“How ya doing?” he said. “I regret to inform you, she’s five flights up.”
“Of course she is.”
They started their climb. By the time they reached the fourth floor, James felt like his lungs might collapse. When they got to the door, there were three pieces of pink construction paper taped to it—one said SARA, one said JENNIFER, the other ADHIRA.
The cop knocked.
“Come in,” she said.
The girl was Indian or something like that. She was sitting on a sofa in a cramped common room that smelled like incense. A red tapestry hung on the wall, and books were piled high on every surface. She was dressed in sweatpants and a t-shirt. Her black hair hung wet over her shoulders. She looked about twelve years old.
“I think I’m fine now,” she said. She spoke with an English accent. “I shouldn’t have called 911.”
“What happened?” James asked.
“I was in the shower and I suddenly felt dizzy, like I was going to faint.”
“Did you?”
“No. I got out and sat here on the couch and put my head between my legs, and I felt better.”

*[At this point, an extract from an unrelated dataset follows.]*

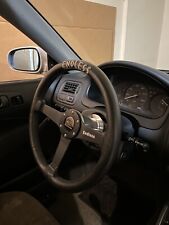 Rare JDM Endless Racing Steering Wheel Momo Nardi, used for sale  Shipping to South Africa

“Good,” James said. “Has this ever happened before?”
“No, sir.”
Sir? Jesus, how old did he look?
“Have you eaten anything today?” he asked.
“No.”
“Was the shower very hot?”
“Yes!” she said, like he was MacGyver over here. “As hot as it would get.”
James tapped his foot on the hardwood floor. He looked around him at the warm, plumped-up sofa and the leather chair in the corner. This dorm room was nicer than his house.
“Do you think you need to go to the hospital?” he asked.
She shook her head. “I’m fine now.”
They gave her a waiver to sign. James told her to lie down, relax, have a glass of water and some food.
“When will your roommates be back?” he asked.
“They’re gone for the holidays,” she said.
He wondered why neither of them had invited her, when she was clearly so far from home. It was irrational, but for an instant he thought of inviting her over to his house. And though it was really none of his business, he asked, “Do you have plans for Christmas?”
She nodded. “I’ll be with friends tomorrow.”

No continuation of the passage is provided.